This is THIRTY-FOUR year old SANTINO LORENZO ‘SONNY’ COLASURDO, JR., a FUNERAL DIRECTOR AT FACCONE FUNERALS & CREMATIONS who uses HE / HIM pronouns. He grew up in NEW YORK, NEW YORK but came to Pleasance in APRIL 2012 TO SAVE HIS UNCLE’S BUSINESS and now enjoys spending his time at VINNY’S.
@phqextras
TW: Death; Funeral Mentions; Drowning
I. BASICS
name: santino “sonny” colasurdo, jr. age: 34 birthday: july 6, 1987 gender: cis male pronouns: he/him occupation: funeral director religion: roman catholic sexual orientation: bisexual
II. STATS
height: 5′11″ eyes: blue hair: brown mbti: enfp alignment: chaotic good affiliation: none
III. BACKGROUND
Sonny was born and raised in Brooklyn, New York. His father, for whom he was named, ran a relatively successful plumbing business in the city. His mother, a musician and singer, had roots in Pleasance before moving to the Northeast as a young woman.
On the whole, his childhood itself was pleasantly ordinary, perhaps even above average. There were church visits on Sundays, family dinners, and holiday parties. The apartment in which they lived was old, creaky, but warm. But near the building’s top floor, it allowed the opportunity to covertly flick bits of paper at passersby below.
In school too, Sonny was something of a troublemaker. Loudmouthed but too physically slight to bully, he and his pals spent their times on petty vandalism and class clownery. He, at fourteen, became something of a legend for two weeks after convincing a tourist to buy him a pack of cigarettes.

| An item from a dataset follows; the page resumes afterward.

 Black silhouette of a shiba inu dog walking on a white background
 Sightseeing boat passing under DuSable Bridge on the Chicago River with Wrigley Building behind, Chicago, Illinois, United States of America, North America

After graduating, Sonny attended community college and completed a two-year program in Business. Following a handful of odd jobs, he began working for his father (and grew increasingly distasteful of the old man, who had apparently always had girlfriends). At his mother’s behest, though, Sonny eventually moved to Ohio to help pull his uncle’s business, Faccone Funerals & Cremations, out of a growing financial hole.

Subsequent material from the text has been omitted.